Las armas que la Iglesia nos regala para este tiempo de Cuaresma (oración, limosna y ayuno) son herramientas para poder entrar en el hondón del alma y dejar que sea Dios el que haga en nosotros el camino de conversión. ¿De qué me sirve establecer el mejor y más esforzado plan cuaresmal si lo único que genera en mí es desprecio a mi hermano? ¿Para qué voy a proclamar que ayuno si lo único que busco es sentirme mejor que los demás? La verdadera conversión es la que se da en la relación que con nuestro Padre, que ve en lo secreto. Por eso, antes de fijarse en qué ayuno, qué limosna o qué oración voy a proponerme en esta Cuaresma, la pregunta será «¿De qué necesito ser convertido en mi vida?».

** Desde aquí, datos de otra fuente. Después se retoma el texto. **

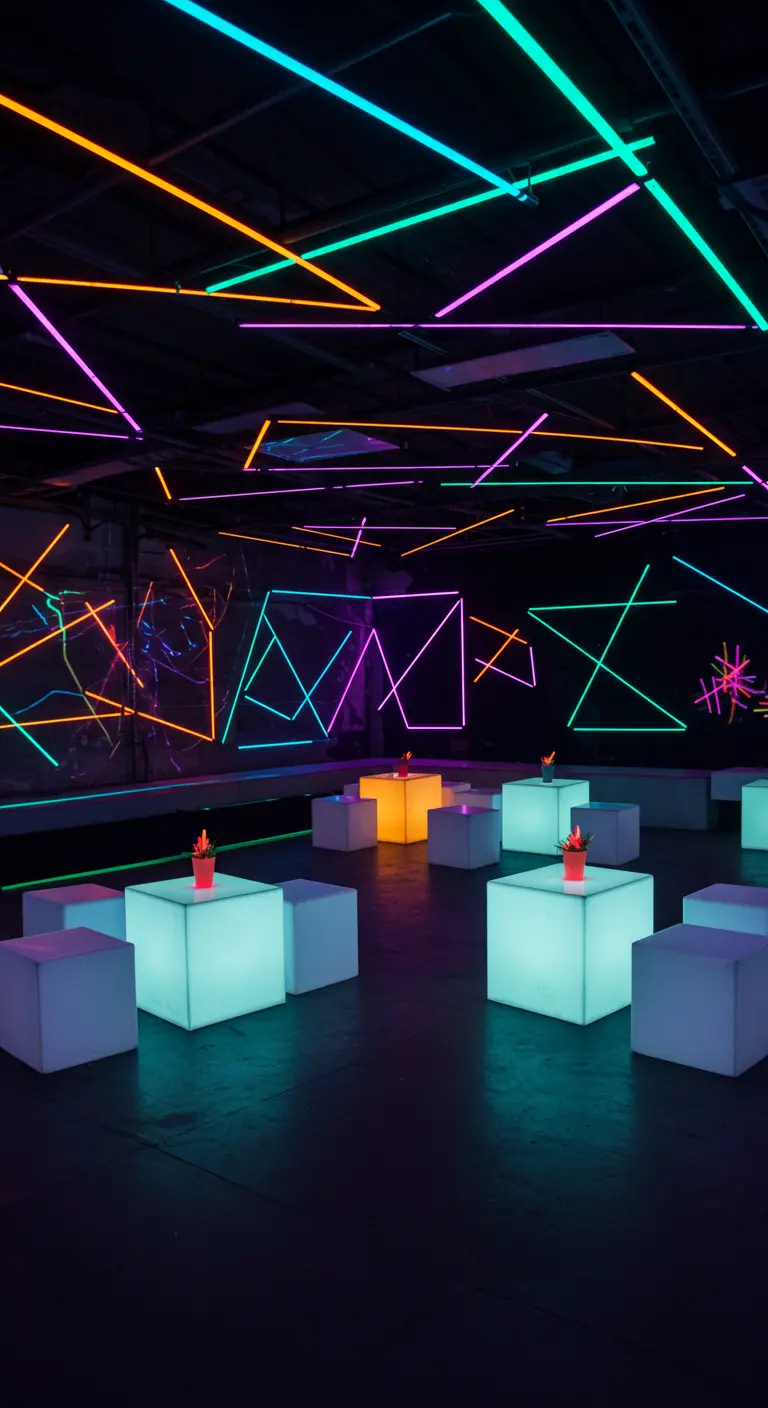 Neon geometrisch feest in garage met lichtgevende kubussen en felle lichtlijnen.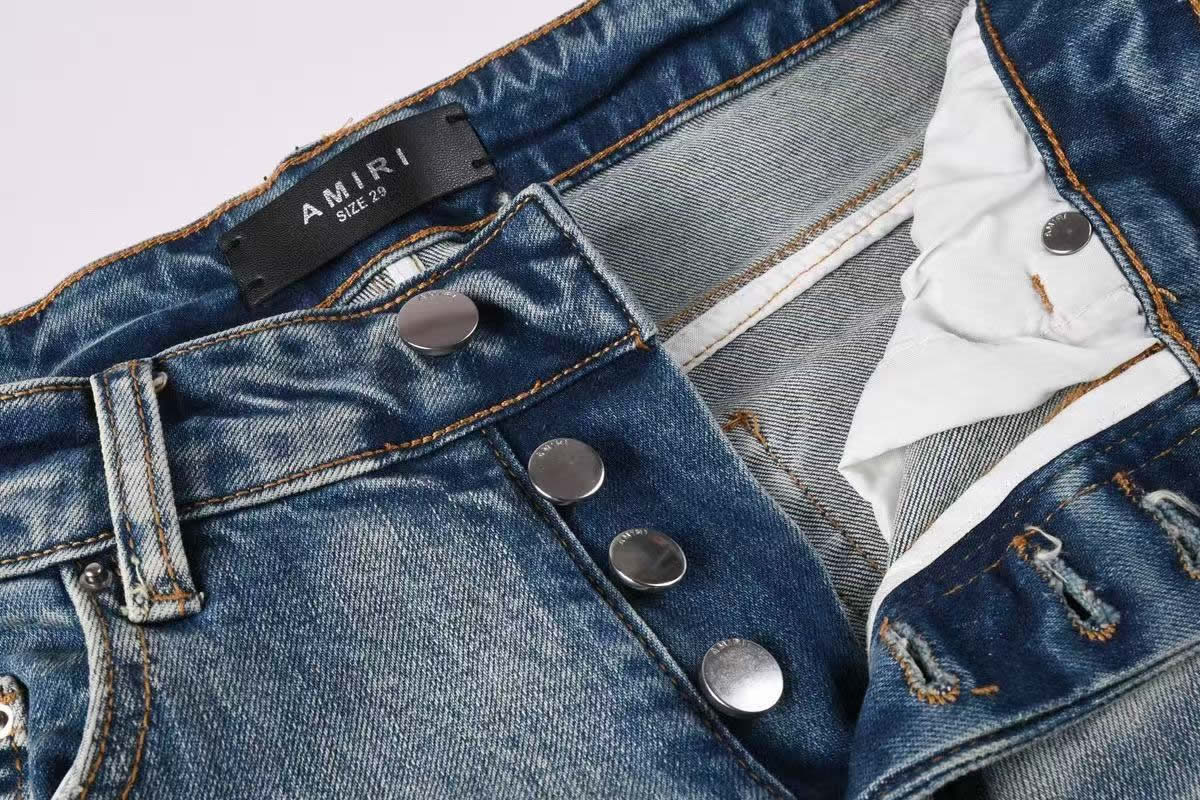 Amiris Jeans Men Fashion Patch Repair Low Rise Skinny Denim (3) - www.newkick.org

Porque lo perfecto es enemigo de lo bueno, y tras un puñado de intenciones y propósitos cuaresmales pueden estar escondiéndose un deseo de autoperfeccionamiento narcisista y, a la par, que desmerece a aquel que no lo hace. Diametralmente, lo contrario a lo que nos llama Cristo.  Es mejor ir a lo pequeño, a lo sencillo, a lo escondido. Como bien nos dice San Pablo hoy, «ahora es el tiempo favorable, ahora es el día de la salvación», porque este el momento en el que no quiero elegir otra cosa que no sea la conversión de mi corazón. Porque estoy convencido de que si realmente dejo que Cristo me convierta en lo profundo de mi ser, todos mis actos externos tendrán sabor a Él. Porque la obra será suya y no mía.